■ **Activity**: Search the entries below for the line containing "un perfil anónimo.</p>"; from there to the end, return every line exactly and add nothing.

_ _ _ _

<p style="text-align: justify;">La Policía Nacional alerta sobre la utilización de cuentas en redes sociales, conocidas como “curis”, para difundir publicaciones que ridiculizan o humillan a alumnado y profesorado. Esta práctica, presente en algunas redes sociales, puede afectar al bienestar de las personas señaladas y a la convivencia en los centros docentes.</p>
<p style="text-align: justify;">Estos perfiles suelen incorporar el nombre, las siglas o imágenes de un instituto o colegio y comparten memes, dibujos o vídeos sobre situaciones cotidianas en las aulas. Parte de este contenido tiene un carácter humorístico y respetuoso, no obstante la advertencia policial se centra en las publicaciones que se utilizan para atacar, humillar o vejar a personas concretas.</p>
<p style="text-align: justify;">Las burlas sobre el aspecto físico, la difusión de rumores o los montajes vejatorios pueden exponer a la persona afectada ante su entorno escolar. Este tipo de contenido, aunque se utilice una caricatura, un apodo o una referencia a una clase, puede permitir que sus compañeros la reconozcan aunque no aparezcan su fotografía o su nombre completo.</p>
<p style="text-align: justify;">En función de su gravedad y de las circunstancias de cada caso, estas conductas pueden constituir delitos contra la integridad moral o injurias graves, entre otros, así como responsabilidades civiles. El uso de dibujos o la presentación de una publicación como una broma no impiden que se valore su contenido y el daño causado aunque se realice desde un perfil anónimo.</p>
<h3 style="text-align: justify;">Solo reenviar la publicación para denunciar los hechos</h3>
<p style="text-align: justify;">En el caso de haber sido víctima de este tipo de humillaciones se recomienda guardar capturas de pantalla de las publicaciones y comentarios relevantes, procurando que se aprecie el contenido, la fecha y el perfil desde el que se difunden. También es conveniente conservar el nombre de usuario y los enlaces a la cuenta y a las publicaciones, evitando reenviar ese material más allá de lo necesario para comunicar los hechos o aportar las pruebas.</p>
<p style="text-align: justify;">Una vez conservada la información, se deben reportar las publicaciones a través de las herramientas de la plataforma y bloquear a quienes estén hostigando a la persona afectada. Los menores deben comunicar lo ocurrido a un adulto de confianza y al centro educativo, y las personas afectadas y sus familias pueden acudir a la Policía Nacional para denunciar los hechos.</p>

_ _ _ _

■ **Answer to this exercise**:
<p style="text-align: justify;">En función de su gravedad y de las circunstancias de cada caso, estas conductas pueden constituir delitos contra la integridad moral o injurias graves, entre otros, así como responsabilidades civiles. El uso de dibujos o la presentación de una publicación como una broma no impiden que se valore su contenido y el daño causado aunque se realice desde un perfil anónimo.</p>
<h3 style="text-align: justify;">Solo reenviar la publicación para denunciar los hechos</h3>
<p style="text-align: justify;">En el caso de haber sido víctima de este tipo de humillaciones se recomienda guardar capturas de pantalla de las publicaciones y comentarios relevantes, procurando que se aprecie el contenido, la fecha y el perfil desde el que se difunden. También es conveniente conservar el nombre de usuario y los enlaces a la cuenta y a las publicaciones, evitando reenviar ese material más allá de lo necesario para comunicar los hechos o aportar las pruebas.</p>
<p style="text-align: justify;">Una vez conservada la información, se deben reportar las publicaciones a través de las herramientas de la plataforma y bloquear a quienes estén hostigando a la persona afectada. Los menores deben comunicar lo ocurrido a un adulto de confianza y al centro educativo, y las personas afectadas y sus familias pueden acudir a la Policía Nacional para denunciar los hechos.</p>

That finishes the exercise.